Should i instead play with eval and string concatenation ?

Thanks for any answer,
Roberto.

Welcome to LQ,

not sure about what exactly you are trying to achieve but is this what you are trying to do?

Code:

$ array=( one two )

$ one=success

$ eval echo "\${${array[0]}}"

success

I do not think that you can avoid the 'eval' in this case.

Quote:

Originally Posted by crts (Post 4504502)

not sure about what exactly you are trying to achieve but is this what you are trying to do?

He is trying to use the contents of a variable as an array name.

Quote:

Originally Posted by MTK358 (Post 4504510)

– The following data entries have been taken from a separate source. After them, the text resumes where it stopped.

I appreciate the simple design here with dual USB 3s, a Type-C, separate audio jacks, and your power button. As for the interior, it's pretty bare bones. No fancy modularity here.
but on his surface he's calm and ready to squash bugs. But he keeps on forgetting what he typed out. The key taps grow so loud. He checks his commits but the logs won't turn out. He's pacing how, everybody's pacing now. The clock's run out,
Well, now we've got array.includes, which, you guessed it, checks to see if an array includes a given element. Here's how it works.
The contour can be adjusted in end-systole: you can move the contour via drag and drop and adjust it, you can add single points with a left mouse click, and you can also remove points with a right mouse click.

He is trying to use the contents of a variable as an array name.

In this case:

Code:

$ name=array

$ array=( one two )

$ eval echo \${$name[0]}

one

Or better:

Code:

$ eval echo \${${name}[0]}

The curly braces make it easier to see that 'name' is not an array but a normal variable.
Still, 'eval' cannot be avoided.

Please use [code][/code] tags around your code, to preserve formatting and to improve readability.

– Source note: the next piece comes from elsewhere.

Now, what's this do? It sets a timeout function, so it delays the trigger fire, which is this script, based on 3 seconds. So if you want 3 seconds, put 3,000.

Your question really has little to do with arrays specifically. What you're asking for is called indirect referencing.

eval is one way to do it, but it's certainly not recommended usually. eval has security issues. In a nutshell, you should never use it on any string where you don't have complete control over the contents, and can't determine what the actual eval'd command would look like and do.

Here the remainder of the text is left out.